Navy instructor certifies Air Force artisans on Mercury maintenance

  • Published
  • By Marsha Childs
  • FRCSE Public Affairs
The Navy's E-6B Mercury aircraft play a vital national security role, and an artisan at Naval Air Systems Command In-Service Support Center Detachment in Jacksonville, Fla., is ensuring these crucial assets remain airborne.

Kevin S. Hart, ISSC DET Jacksonville fleet field service representative, was tasked in early 2009 with training Air Force engineers and maintainers slated to perform the work on the critical aircraft used as airborne strategic command posts.

The Mercury is undergoing service life extension at Tinker as part of the working agreement between the Navy and Air Force maintenance facilities. The depot-level maintenance is being performed at the Oklahoma City Air Logistics Center under the engineering control of ISSC DET Jacksonville.

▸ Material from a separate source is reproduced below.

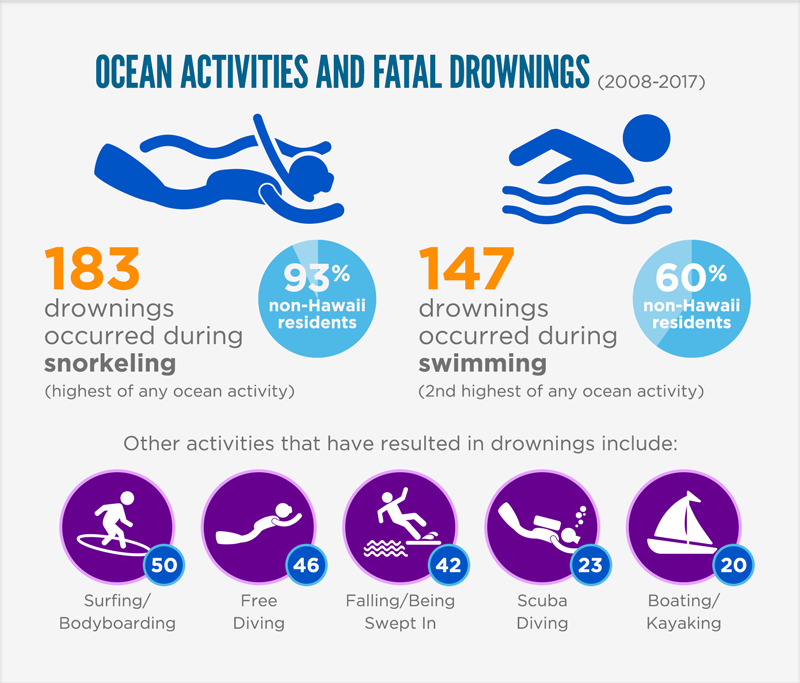 Ocean Activities and Fatal Drownings in Hawaii – 2008 to 2017. 183 drownings occurred during snorkeling, the highest of any ocean activity. 93% of these drowning victims were non-Hawaii residents. 147 drownings occurred during swimming. 60% of these drowning victims were non-Hawaii residents. Other activities that have resulted in drownings include 50 while surfing or bodyboarding, 46 while free diving (46), 42 from falling or being swept in, 23 during scuba, and 20 while boating or kayaking.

All Air Force depot artisans supporting the Mercury are required to complete training and be certified under the Navy's Local Process Specifications Program for Hole Quality.

Lacking a dedicated training room, Mr. Hart improvised a roving classroom. This mobility allows Mr. Hart to provide the training for various units scattered across the base.

"I have to be able to move to a new location at a moment's notice," he said.

Using items found at the Defense Reutilization and Marketing Office (DRMO) and pieces recovered from a dumpster, Hart fashioned a roving laboratory. He salvaged an old-model computer from the DRMO recyclable bin and stocked his cart with mostly cast-off items.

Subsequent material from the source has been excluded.